The Red Circle: My Life in the Navy SEAL Sniper Corps and How I Trained America's Deadliest Marksmen

Home > Nonfiction > The Red Circle: My Life in the Navy SEAL Sniper Corps and How I Trained America's Deadliest Marksmen > Page 3
The Red Circle: My Life in the Navy SEAL Sniper Corps and How I Trained America's Deadliest Marksmen Page 3

by Brandon Webb


  After a few years in Seattle, we pulled up stakes and moved yet again, sailing down the coast to head for Ventura, California. The trip was not an easy one. To me, it felt like the weather pretty accurately reflected my mood: 100 miles off the coast of Oregon, we hit the tail end of a hurricane. For more than twenty-four hours we struggled with the full force of nature, beating into the gale-force winds, until my father finally dropped our sails and put out a sea anchor. We hove to and waited for the storm to pass.

  The next few dozen hours left a deep impression. I remember my mother gripping Rhiannon and me close to her, life jackets donned and survival raft at the ready, wondering which would turn out to have more staying power—us or the hurricane. In the end, after nearly two days, the storm must have decided we were not worth it: It finally released its grip and moved on. We found we had been pushed almost 200 miles in the wrong direction.

  When we finally pulled into Coos Bay, Oregon, a crowd of locals had gathered on the docks to hear about the family that had been out there on the ocean’s angry face and survived the storm. Everyone loves a good sea story.

  * * *

  I was ten when we arrived in Ventura, and California has been my home ever since. My father’s great passion in life was sailing, and the next few years involved plenty of it. We continued to live on the Agio for the better part of the next six years, and while we each had our own stateroom, it was still tight quarters and I looked for every opportunity to escape. A few times I tried to run away from home.

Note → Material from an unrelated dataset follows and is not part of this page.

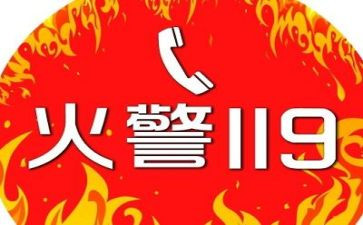 119消防活动总结优秀8篇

  Life in California revolved around the water. All my new friends surfed, and I soon joined them. I also started getting into trouble again. My mom, who went to work for a few years on California’s offshore oil platforms, never knew what to expect when she would come home. Once she found me and a few friends hunting down squirrels with homemade blowguns. Another time she saw the boat’s mast swaying as she approached. She broke into a run, and when she reached the boat she saw that my friends and I were taking turns pushing off and swinging around the mast high above the deck on a harness I’d rigged.

  During most of this time, my father and I might as well have been living on separate planets. He was working his tail off. He would leave early in the morning and come back at five o’clock—briefly—for dinner. My mom was pretty good about corralling us inside for family dinner together, but as soon as we pushed back our plates we would all head off to do our own thing.

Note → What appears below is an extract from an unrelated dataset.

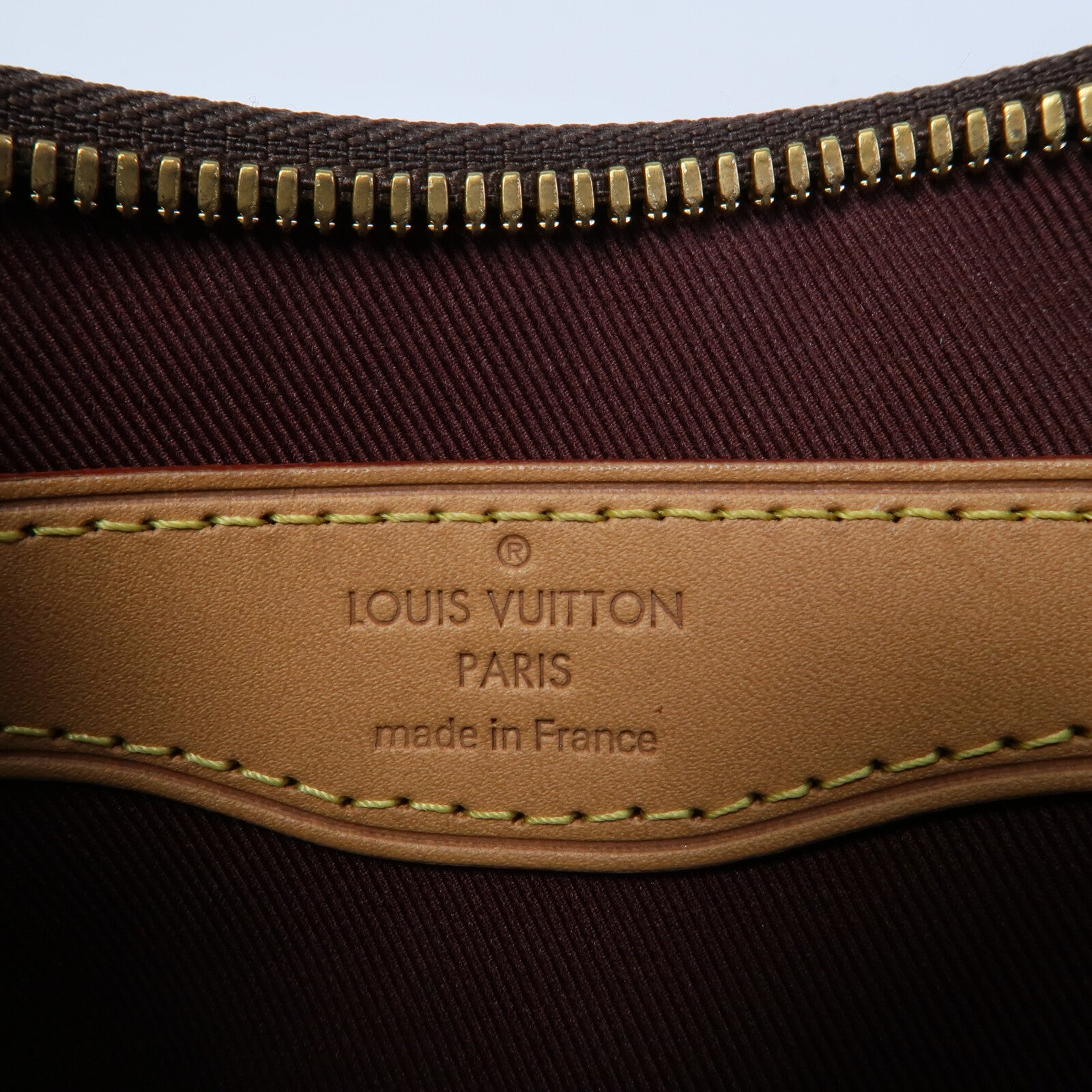 LOUIS VUITTON Monogram Boulogne PM鏈帶手挽肩背兩用袋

  There was a period there, in eighth grade, when my dad made an extra effort to get me into ice hockey. The closest rink was in Thousand Oaks, nearly an hour’s drive away. During hockey season he would get up every Saturday at 5:30 A.M. to drive me out to Thousand Oaks for practice. He even helped coach our team. Throughout that hockey season the two of us had an opportunity to bond again, just as we had when we were back in Kimberley. That soon came abruptly to an end, and my sports career with it.

  I’d noticed that my knees were starting to ache, and toward the end of that hockey season it got pretty severe. I could play through it, but after practice I would have two swollen bumps on my knees, and if you tapped it in just the right spot, it felt like someone was jamming an ice pick into my knee.

  My folks took me to the doctor, and he knew what it was right away.

  “Your boy has Osgood-Schlatter syndrome. He’s been so involved in sports, so constantly and for so long, his knees haven’t had the chance to develop properly.”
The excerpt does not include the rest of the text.